Transcribe the listing exactly; drop the images.

### Supplied material
****************************************

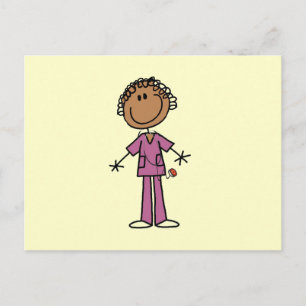 Afroamerikanische weibliche Stockfigur Krankenschw Postkarte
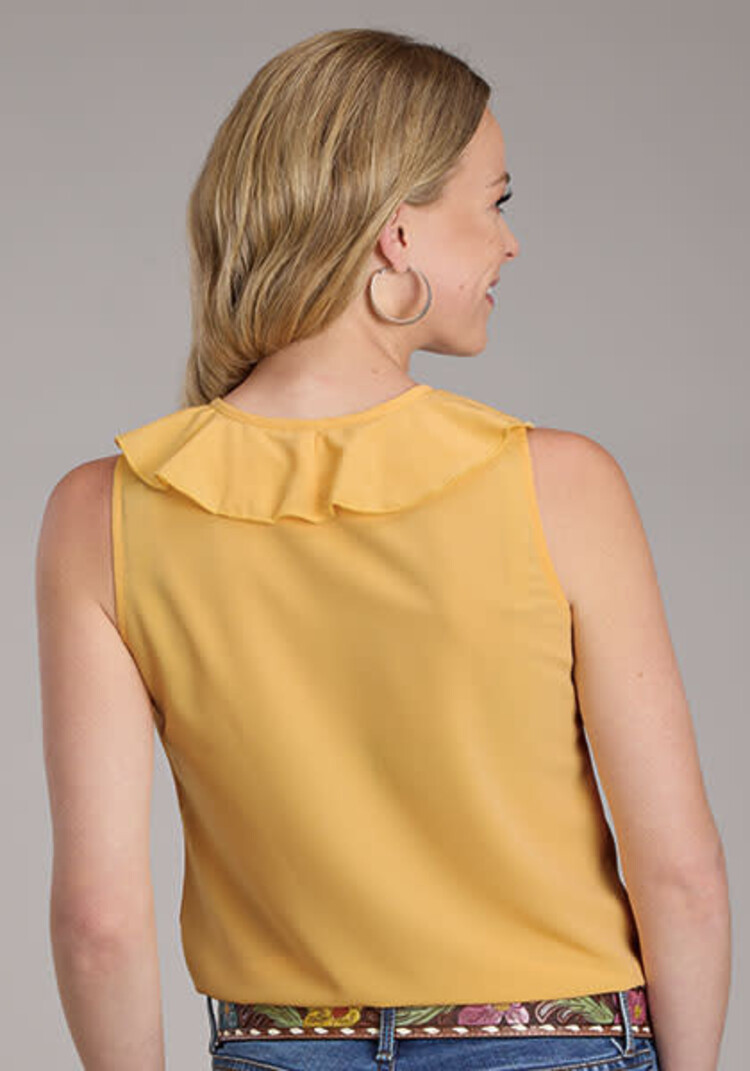 Roper Poly Crepe Sleeveless Blouse Yellow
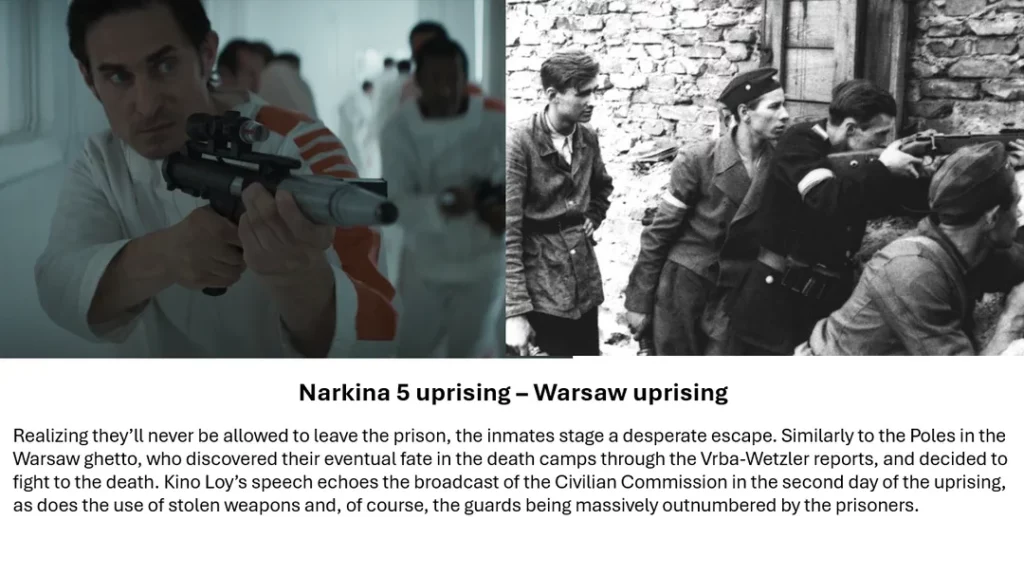 This prison rebellion is a direct allegory to the 1943 Warsaw Ghetto Uprising, highlighting resistance in hopeless circumstances.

****************************************

### Task solution
 Afroamerikanische weibliche Stockfigur Krankenschw Postkarte
 Roper Poly Crepe Sleeveless Blouse Yellow
 This prison rebellion is a direct allegory to the 1943 Warsaw Ghetto Uprising, highlighting resistance in hopeless circumstances.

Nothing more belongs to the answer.